### RECORDS SHOWN ###

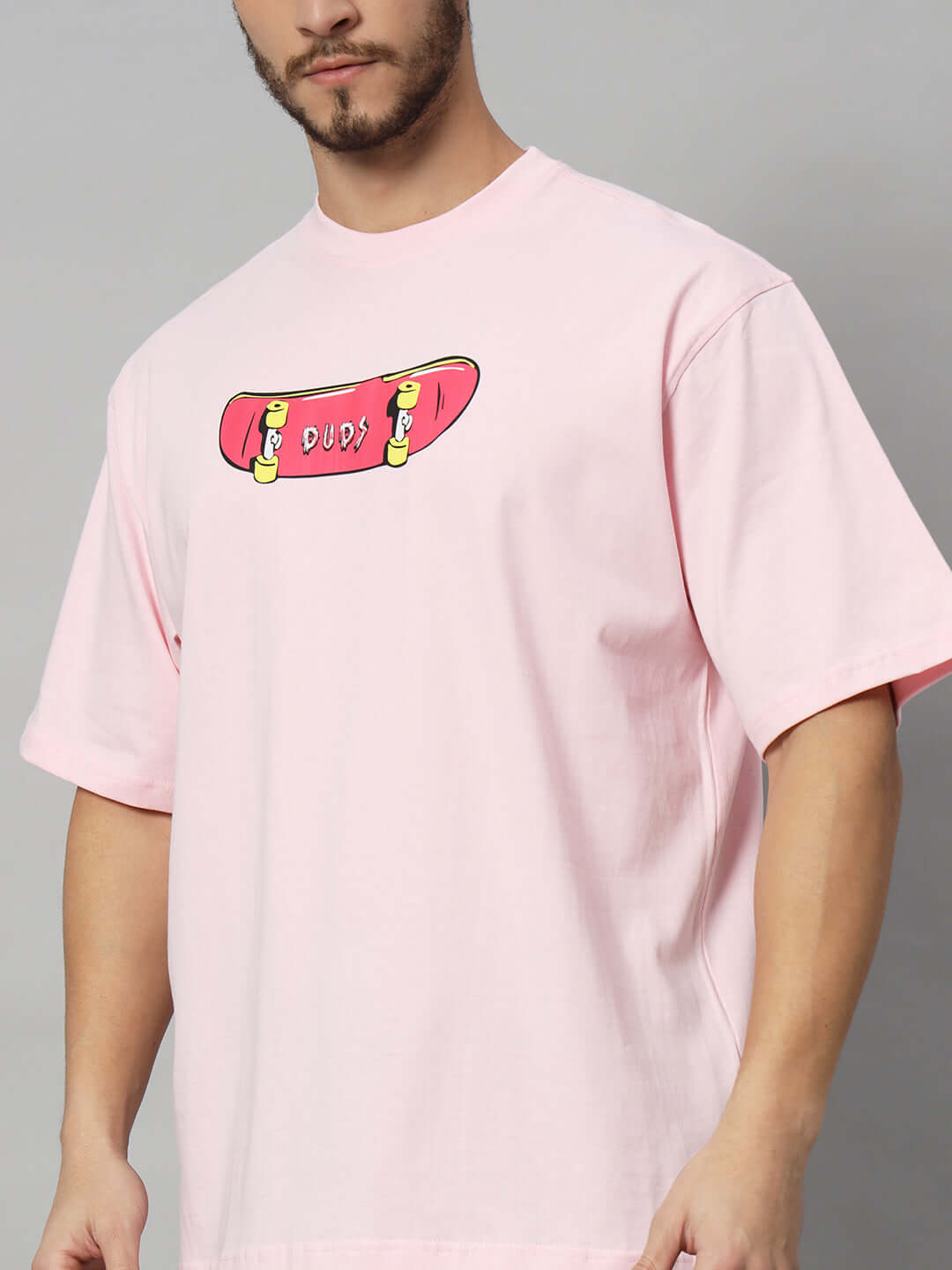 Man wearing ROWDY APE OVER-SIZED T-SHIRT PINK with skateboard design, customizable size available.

###
### RECORDS SHOWN ###

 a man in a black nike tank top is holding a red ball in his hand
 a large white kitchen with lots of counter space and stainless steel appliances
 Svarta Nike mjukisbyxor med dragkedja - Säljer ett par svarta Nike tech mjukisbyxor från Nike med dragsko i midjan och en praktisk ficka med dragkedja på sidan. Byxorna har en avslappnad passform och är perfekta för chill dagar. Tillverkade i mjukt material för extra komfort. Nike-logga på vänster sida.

###
### RECORDS SHOWN ###

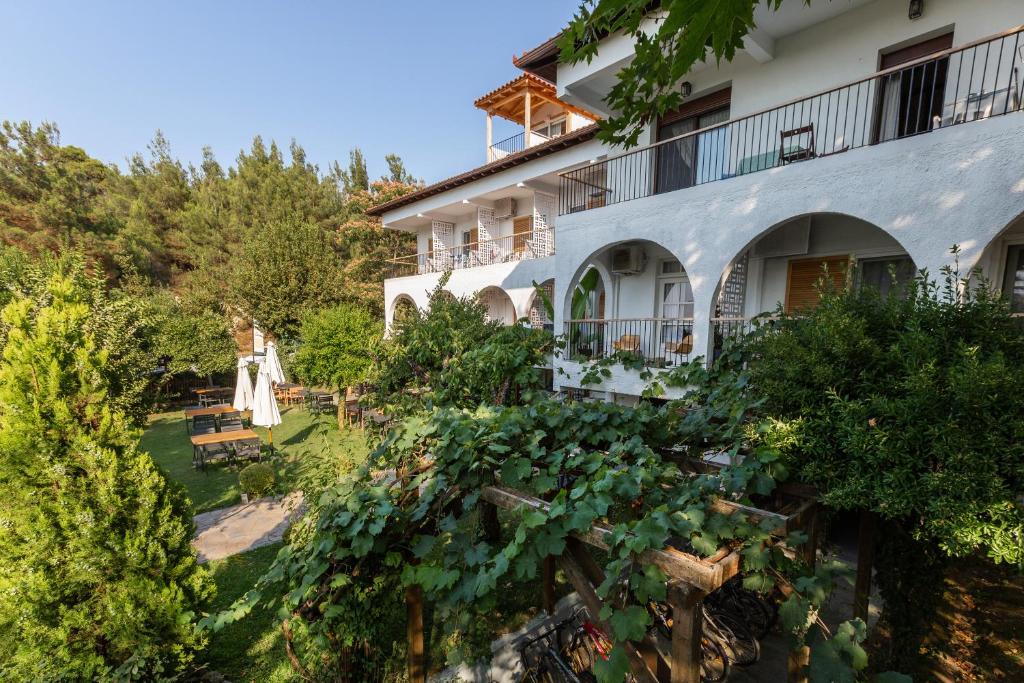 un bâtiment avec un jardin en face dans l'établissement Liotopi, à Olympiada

###

- [THE TASK]:
Copy out, exactly and alone, the lines of the entries above between the ones holding "a man in a black" and "Svarta Nike mjukisbyxor", inclusive.

- [ANSWER TO THE PROBLEM]:
 a man in a black nike tank top is holding a red ball in his hand
 a large white kitchen with lots of counter space and stainless steel appliances
 Svarta Nike mjukisbyxor med dragkedja - Säljer ett par svarta Nike tech mjukisbyxor från Nike med dragsko i midjan och en praktisk ficka med dragkedja på sidan. Byxorna har en avslappnad passform och är perfekta för chill dagar. Tillverkade i mjukt material för extra komfort. Nike-logga på vänster sida.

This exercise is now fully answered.